When the beam of the photo interrupter is unbroken, the LEDs are off, and when you break the beam the LEDs come on.


Original question:

I'm making a money checker, to check for the existence of a security strip in US bills. My project will use UV LEDs, but for the sake of brevity here I'll just call them lights.

Basically, I'd like to build a circuit, without a microcontroller, that turns on the lights when the beam from the photo interrupter is broken. My understanding of them is that the IR detector is a phototransistor which allows current to flow when exposed to IR light, and blocks it when not. Could I use the output of the phototransistor into the base of a PNP transistor to turn on the lights? Again, my understanding is that with a PNP transistor, current at the base blocks current through the connector-emitter, so I could put my lights in series with C-E of the PNP, and the base of the PNP to the C-E of the phototransistor, right? The idea is that when I place a bill in the slot of the photo interrupter, the lights will turn on, and when I remove it they'll turn off. If I've figured this right in my head I shouldn't need much more than what I've mentioned plus a few resistors, right?

I'm on a phone right now, and I don't have internet at home, so I can't make a schematic.

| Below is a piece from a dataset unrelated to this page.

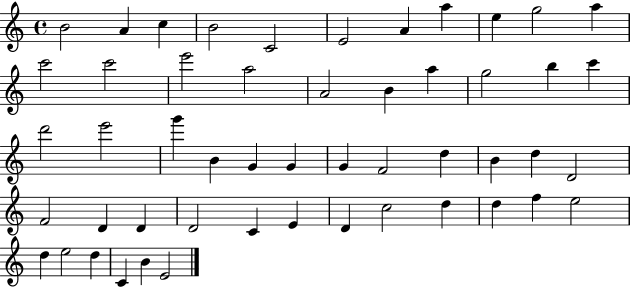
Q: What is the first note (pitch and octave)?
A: B4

Edit: I'm not sure how I could make what I'm asking any clearer. I want to turn on some LEDs when the beam of a photo interrupter is broken, without using a microcontroller, all of which I stated in my original text... Here's a picture of a hand-drawn schematic...

schematic

I've calculated that with a 3.2Vf drop across the UV LEDs, and 12 in parallel (I know I messed that up in my schematic), I'd need a 5.416 ohm resistor to get 20mA each. If I up the resistance to 10 ohms, I'd get a bit over 10mA each and have 169mW dissipated in the resistor. The 180 ohm resistor is to limit the current of the 1.2Vf IR LED in the photo interrupter to a little less than 20mA. The only thing I'm unsure about is the pull up resistor.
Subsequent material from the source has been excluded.